Task objective => From the line with "SF Series Premium" to the line with "GOAT Basketball Graphic T-Shirt - Black", retype every line exactly, including those two, and leave out the rest of the data below.

Data listing =>
------------------------------------------------------------
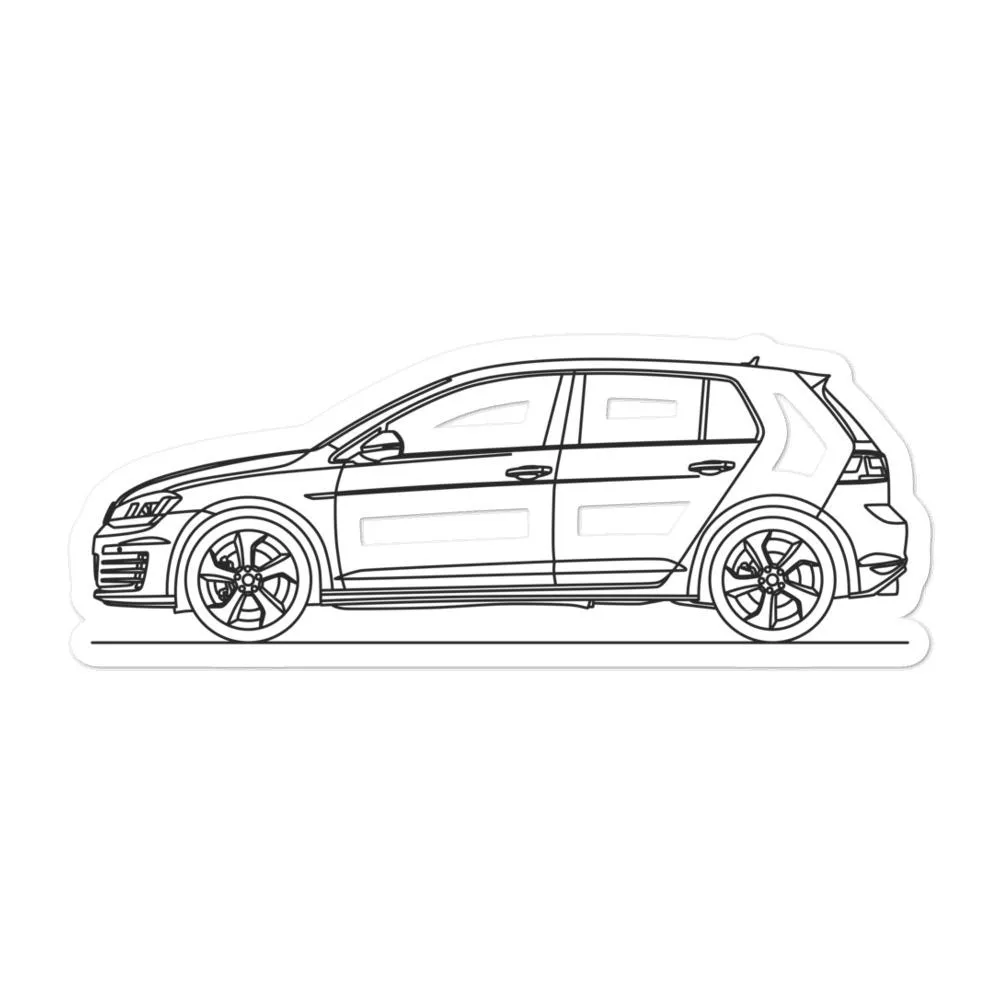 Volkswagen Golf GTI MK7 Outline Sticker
------------------------------------------------------------
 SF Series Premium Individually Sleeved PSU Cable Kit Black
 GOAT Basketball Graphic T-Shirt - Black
------------------------------------------------------------
Output =>
 SF Series Premium Individually Sleeved PSU Cable Kit Black
 GOAT Basketball Graphic T-Shirt - Black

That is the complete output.